The parade of dark sweats will take over the meticulous outfits that crowded the university halls as we rush forward: a new deadline to meet, a new paper to write.
We settle into the habits we cultivate, and we often have no time to make significant changes to them. On the bright side, there’s no time to feel the growing pains.
But that is what these months are for: the stillness in transformation—the quiet shifting of something unnamed and subconscious. We feel it, and we may try to talk about it, but the extent of it won’t come to light until everything else does.
We are all Persephone, holding fast and reigning our own version of the Underworld. These seasons and what we rule here are our kingdom. Exhaustion is a crown, unglamorous, but powerful–to keep going, keep showing up, even when everything around us is half asleep and floating (or monstrous and rattling its bones in the closet).
I think a lot about the mismatch of this time. We are all snowed in by our various afflictions and responsibilities, and often, I don’t think we make the time to see the elegance of a flaw.
We are bustling and upset too often to notice the quiet appeal of the spilled drink and the missed appointment; the angry word and the overwhelm.
Given one collective deep breath, we could see the season for the machine it is and marvel at the coordination—every misstep is still a step.
Becoming is a messy process.
Often it feels as though time is pouring and flooding the kitchen, and you are sixteen, though you haven’t been sixteen in years and will never be sixteen again.

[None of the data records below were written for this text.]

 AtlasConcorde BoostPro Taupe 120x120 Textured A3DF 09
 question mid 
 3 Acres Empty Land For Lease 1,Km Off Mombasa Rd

The rain is hammering down against the window, and everything around you is different, but you are the same.
Still, you are always reassembling and moving—the slow and stubborn rebirth is never-ending.

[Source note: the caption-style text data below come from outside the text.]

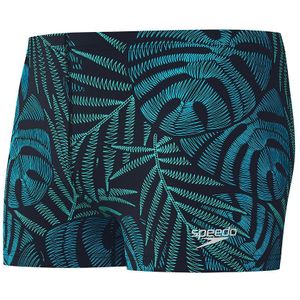 beachstar square aquashort multi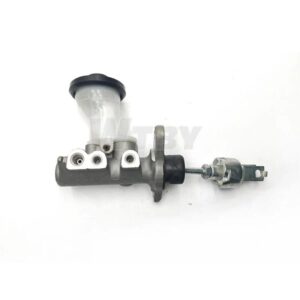 CMC ASSY-VIGO LATEST MODEL ALUMINIUM 31420-0K030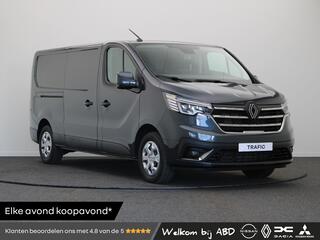 renault-trafic-2.0-dci-150-edc-t30-
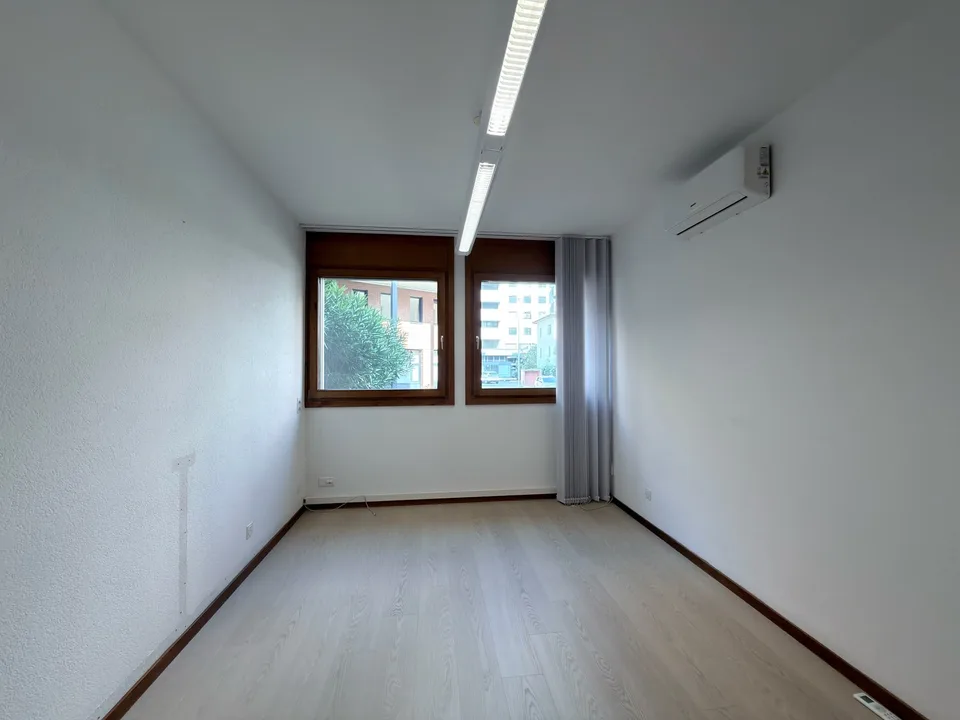 Appartamento di 4.5 locali in vendita a Lugano – foto 12 di 27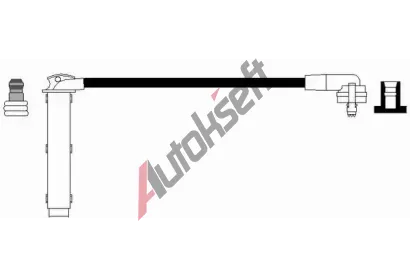 NGK zapalovac kabel NG 36435, 36435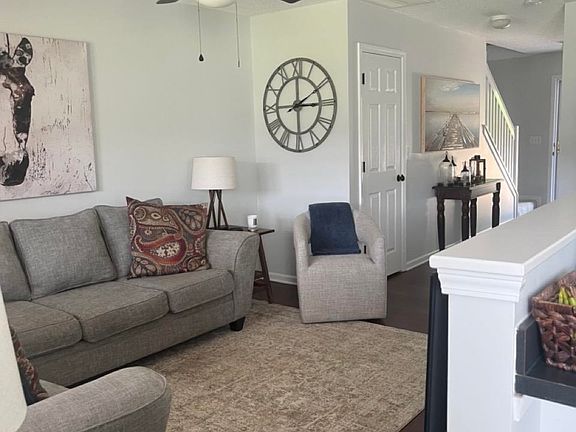 3rd image of 325 River Run Dr. #325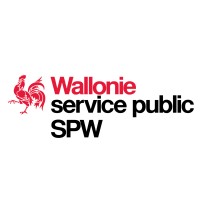 https://images.rankiteo.com/companyimages/service-public-de-wallonie.jpeg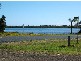 139 Beach Street, Harrington NSW 2427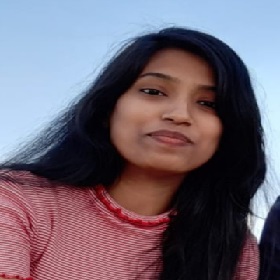 Amreeta_Priyadarshini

How are the pinks of spring and the auburns of autumn in you all the time, everywhere you go?
The deadlines are approaching, the horror shows are starting, and you’re dressing up for Halloween and wondering how long you can get away with procrastinating on buying presents for the holidays.
The exhale comes when the snow falls—then the tensing is covered up with a thicker coat.

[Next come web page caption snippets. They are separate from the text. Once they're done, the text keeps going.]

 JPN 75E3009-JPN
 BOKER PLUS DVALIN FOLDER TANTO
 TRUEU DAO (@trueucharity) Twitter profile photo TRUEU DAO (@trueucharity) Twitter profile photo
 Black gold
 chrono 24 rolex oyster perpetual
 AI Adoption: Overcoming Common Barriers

At this point, I start to wonder:
all those spring and summer days with Demeter in the light—
is it possible I haven’t grown at all?
The thing no one tells you about change is that it doesn’t wait for your permission, and often, you aren’t as prepared for it as you’d hoped to be.
It happens in the middle of everything: the unread emails, the laundry, the late bus, the small griefs you never name.
You think you’re standing still, but you’re already in motion, already shifting toward something you can’t yet recognize.
Before you know it, who you are is a strange mixture of someone you were and someone you don’t yet know.
You ask yourself how long you’ll keep the floor beneath your feet.
Then, you’re walking forward—on air or solid ground—and it isn’t as hard as you thought it would be, though the grief seems eternal.
Persephone does not choose the underworld every year, but she learns how to live there. It may not be a home, but she is a sovereign.
That’s all we can do—learn how to live here, in the dark parts of our calendars, in the versions of ourselves that haven’t grown yet.
To hold the weight of the season and still look toward the light, knowing we’ll meet it again.
Becoming is a slow accumulation of moments: the overpriced vending-machine Pepsis, the cinnamon, the surprising, recurrent October snow.
Transformation doesn’t always announce itself; sometimes it just hums under the surface while we get on with surviving.
And that feels a bit mythical itself—the knowledge that the someone we are is always becoming someone else, and yet we will always be the person we were.
The can hisses open.
It’s still $4.50.
The fizz fades, and then it’s still again.